The Good Food and Wine show opened its doors to Perth this morning marking the beginning of a three day festival that showcases over 200 stalls including a select number of small Western Australian artisan businesses.
The Good Food and Wine show opened its doors to Perth this morning marking the beginning of a three-day festival showcasing more than 200 stalls, including a select number of small Western Australian artisan businesses.
Event organiser Talk2 Media and Events launched the festival in 2001, in Melbourne, followed by Sydney in 2003 and Brisbane in 2005. In 2006, the company acquired a local Perth show called the Wine and Food festival.
Managing director Matt Pearce estimated that over 30 per cent of the stalls this year were WA-based businesses.

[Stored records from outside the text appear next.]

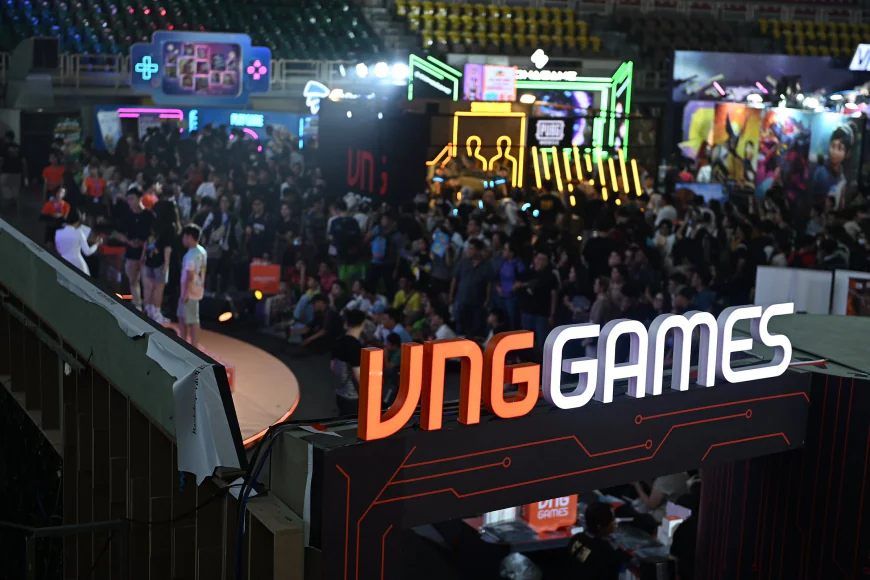 VNGGames nhận danh hiệu game và giải trí số hàng đầu
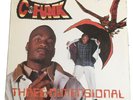 C-Funk 3 Dimensional Ear Pleasure-Rare G-Funk Hip-Hop Rap Scarface VG+ Death Row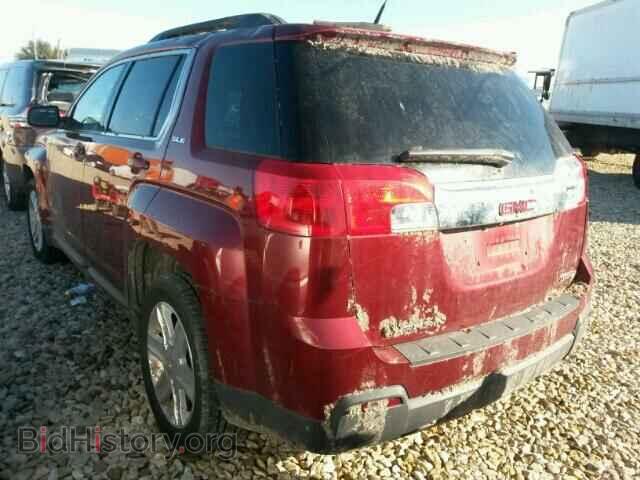 2010 GMC TERRAIN - VIN: 2CTALDEW1A6379717 - Фото 3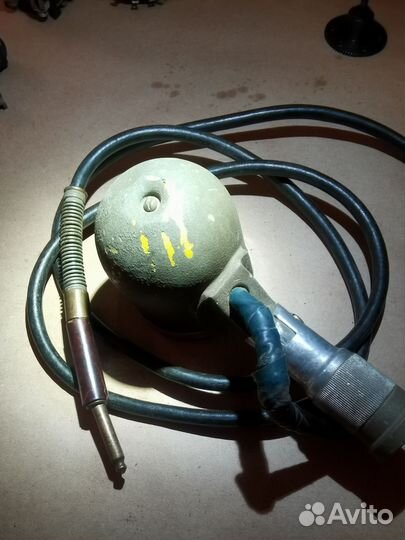 Микрофон СССР Октава дмд-55 1959 г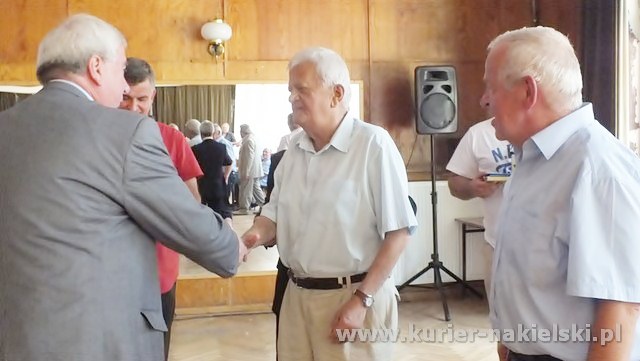 Turniej Brydża Sportowego o Puchar Starosty Nakielskiego z okazji 90-lecia KS. Czarni Nakło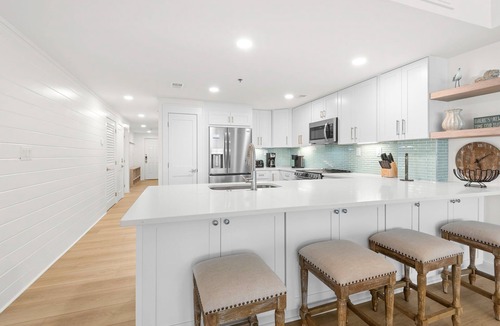 Seagrove Beach Condo | Gulf Front in Seagrove Beach With Sweeping Views
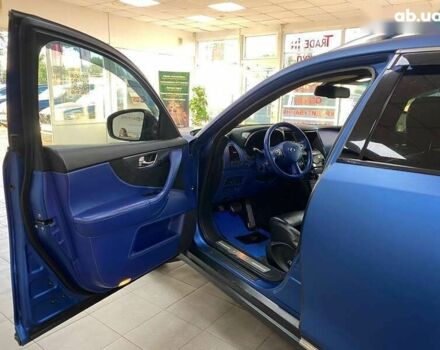 Инфинити ФХ 50, объемом двигателя 5 л и пробегом 134 тыс. км за 10990 $, фото 13 на Automoto.ua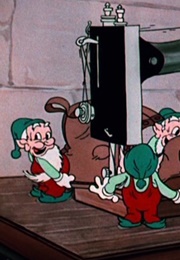 Jolly Little Elves (1934)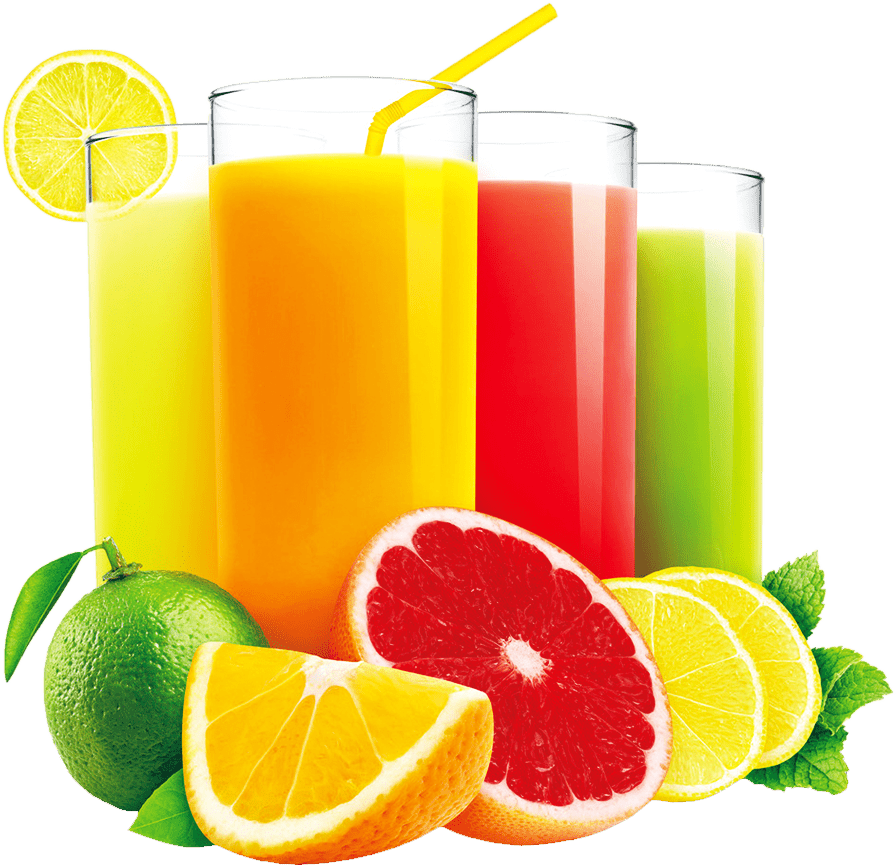 Soft Drinks & Juices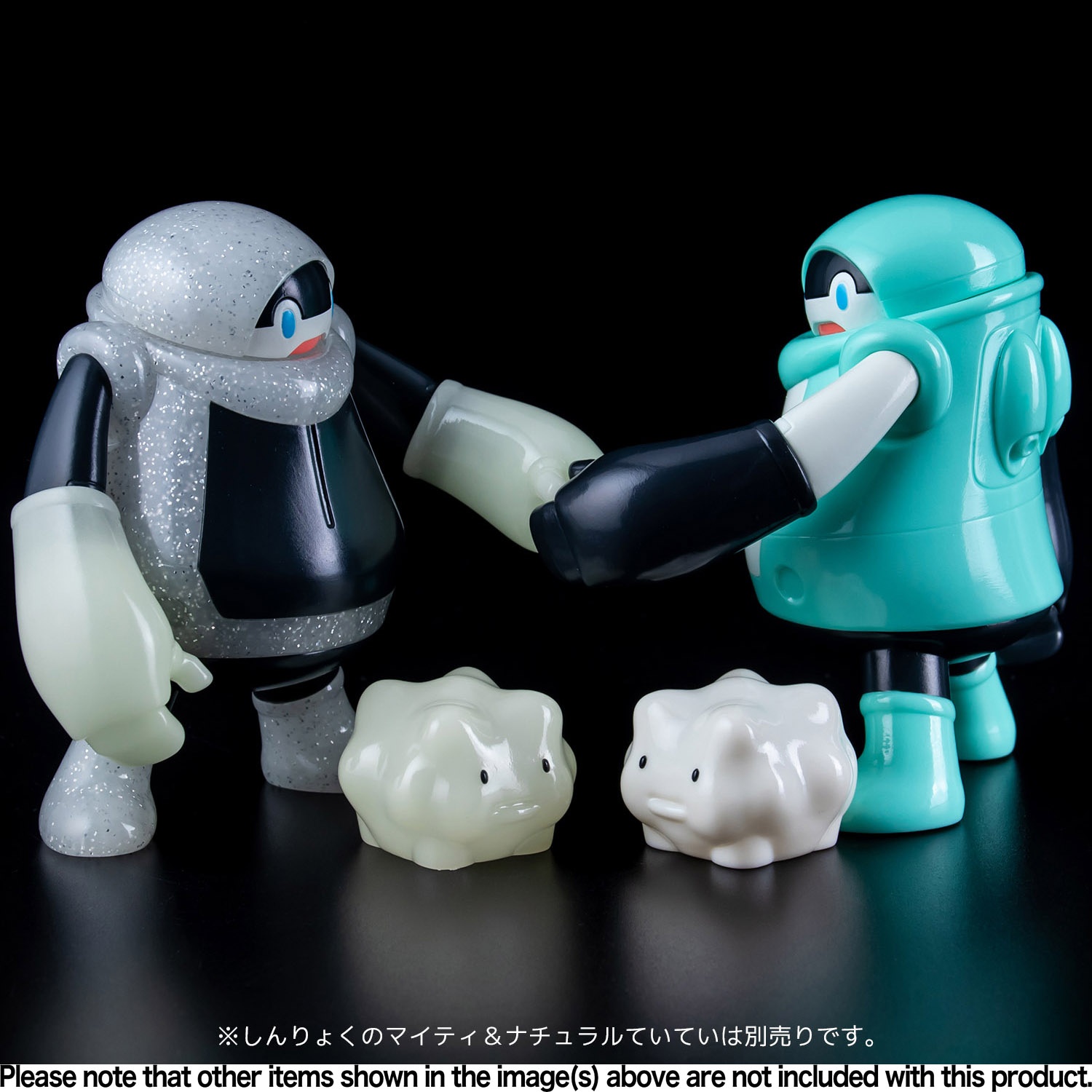 Mechatro CHUBU Universe MyTee & TeiTei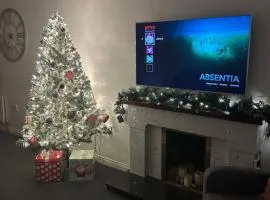 Central Town House,Moville 61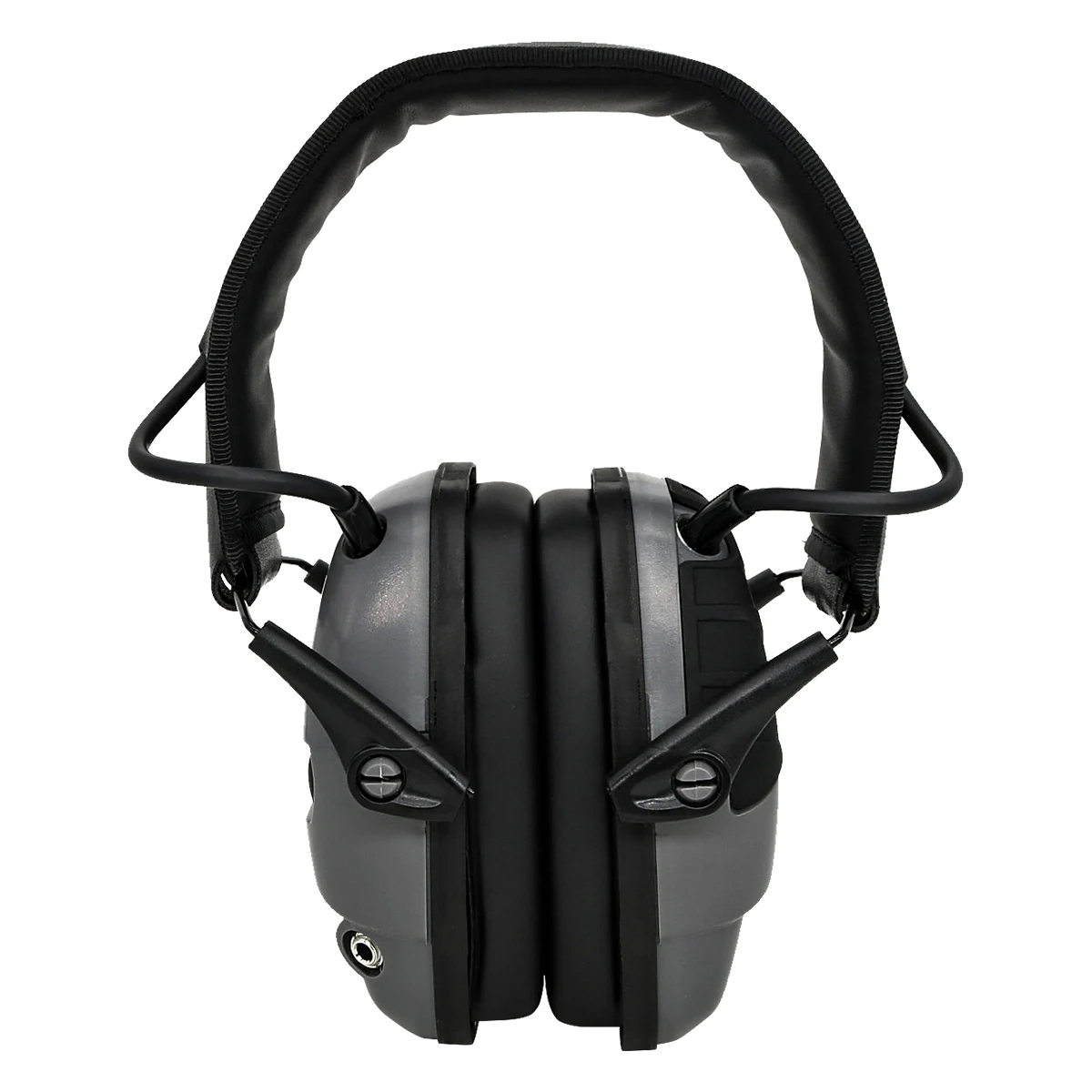 Bouchons d'oreilles,Casque d'écoute tactique,réducteur de bruit,protège — free download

“We encourage a lot of the smaller artisan producers who are WA based, but we also encourage stuff from over east so that they can get cross coverage,” Mr Pearce said.
“We equally encourage the WA guys to come over to the shows in the eastern states.”
Mr Pearce believes the festival helped small businesses get recognised not only by the 30,00 visitors, but by the retailers such as IGA and Aldi.
“People don’t necessarily recognise the ability to actually showcase your food and get people to sample it,” Mr Pearce said.
“That’s the great thing about the show it’s the five senses; you can smell, touch, taste … and as soon as people can understand the flavour or the providence of something then they look out for it later on.”
Swan Valley Honey owner Debbie Starr has returned to set up her stall at the event for the third year in a row.
“It’s great to be able to talk to people about our products because when they’re at the supermarket you’re not there to explain it,” Ms Starr said.
“They might have seen the product on the shelf and thought ‘do I or don’t I’, so now they’ve tasted it at the show and know of it.”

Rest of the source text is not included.